Were the deaths of baseball great Hank Aaron and famed boxer Marvelous Marvin Hagler caused by the COVID-19 vaccine? No, there's no publicly available evidence that's true: Hagler's wife said the vaccine "for sure" did not cause the death of her husband. Aaron's death was similarly not related to the vaccine, according to the medical examiner's office in Fulton County, Georgia.
The claim was implied in an Instagram post (archived here) posted by "Aubrey Huff" on March 14, 2021, whose Instagram account is topped with the phrase "Do not take the vaccine." Huff made the same claim about Aaron and Hagler on Twitter. The posts read:
Hammering Hank Aaron...now Marvelous Marvin Hagler two legends dead after taking the #covid19 vaccine.
Users on social media saw this:
The posts do not cite any sources or evidence, and there is no publicly available proof that either death was caused by the vaccine.
Following her husband's death, Hagler's wife posted a message on Facebook that said the vaccine "for sure" wasn't the cause. She wrote:
I was the only person close to him until the last minute, and I am the only person that know how things went not even his family know all the details and I do NOT accept to read some stupid comment without knowing really what happen. For sure wasn't the vaccine that caused his death. My baby left in peace with his usually smile and now is not the time to talk nonsense.
A statement on Hagler's official website cited "natural causes" as the reason for the famed boxer's death. He was 66. The statement read:
We are very sad to report that Marvelous Marvin Hagler died on March 13 of natural causes near his home in New Hampshire. He was a champion until the end. His family asks for privacy at this time of sorrow.
The claim about Hagler's life being in danger as a result of the vaccine apparently stemmed from an earlier Instagram post from fellow boxer Thomas Hearns. He reportedly wrote about Hagler: "he's in ICU fighting the after effects of the vaccine!" After Hagler died, Hearns wrote: "Allow us to have our peace. Our love and respect to Marvin and his family, this is not an anti vaccine campaign ... it's outrageous to have that in mind during the passing of a King, Legend, Father, Husband and so much more." Neither of Hearns' messages were still visible at the time of writing.

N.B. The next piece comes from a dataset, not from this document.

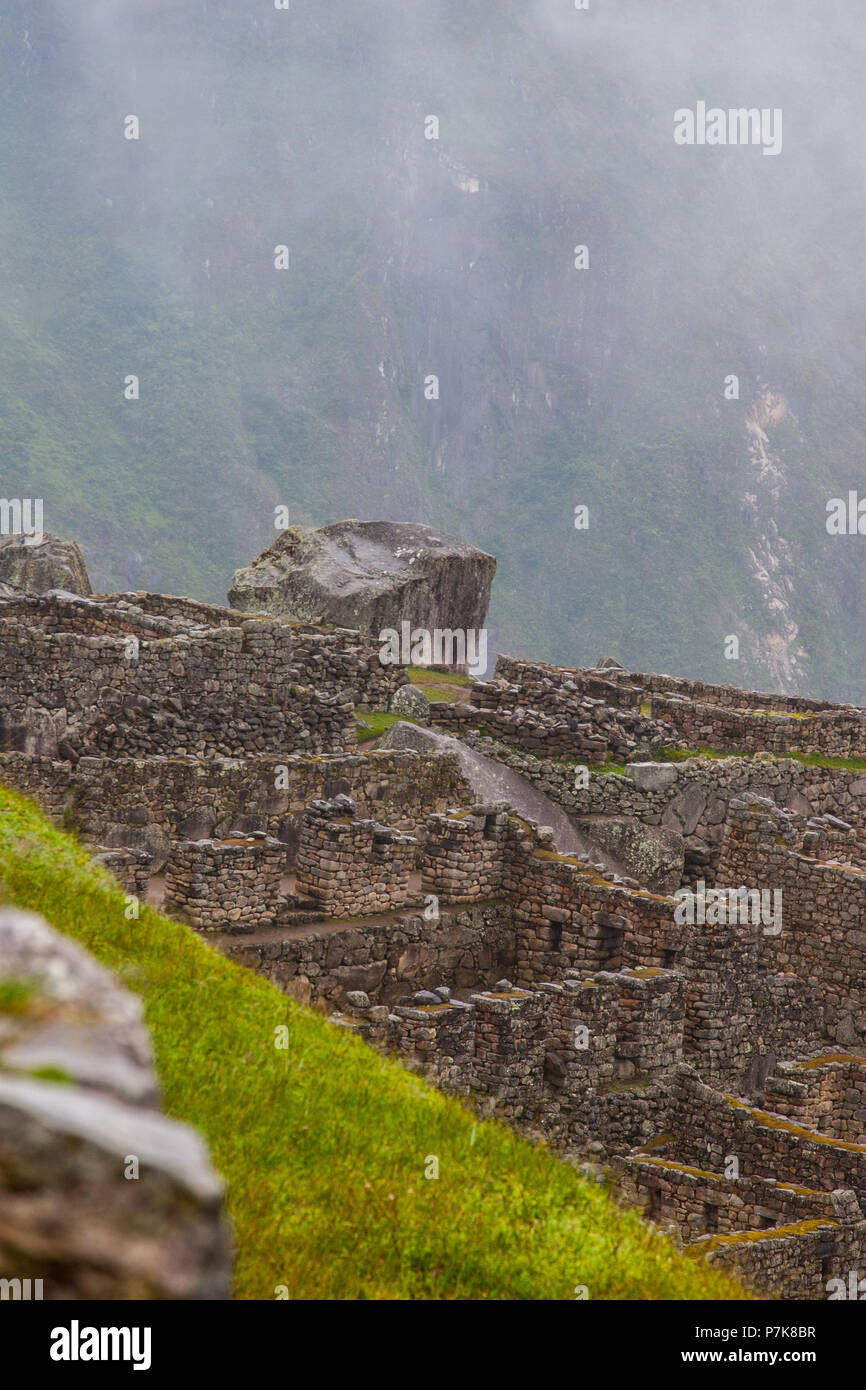 Vertical view of Machu Picchu stone ruins lost in the wild nature of ...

Similarly, there does not appear to be any link between the COVID-19 vaccine and Aaron's death. The Major League Baseball great died in January at the age of 86. According to Aaron's former team, the Atlanta Braves, he passed away peacefully in his sleep. Because Aaron had joined other civil rights icons in getting the vaccine shortly before his death, some social media posts -- like the one cited above -- tied those two events together.
Louis Sullivan, who was vaccinated along with Aaron and is the founding dean of the Morehouse School of Medicine, told a local station, WSB-TV, that such a connection is false. He said:
The people who are trying to say there was a relationship between Hank's death and the vaccine are absolutely wrong. That's not true ... That was a pure coincidence, and it is (as) though, if you might say, Hank was in a car before the day he died, and we try and attribute his death to being in a car. So that really is how ridiculous the efforts of the anti-vaccine people are in trying to discredit this vaccine.
Lead Stories also reached out to Fulton County Medical Examiner Karen Sullivan to ask about Aaron's death. In her medical opinion, she said, his passing was not related to his having received the COVID-19 vaccine.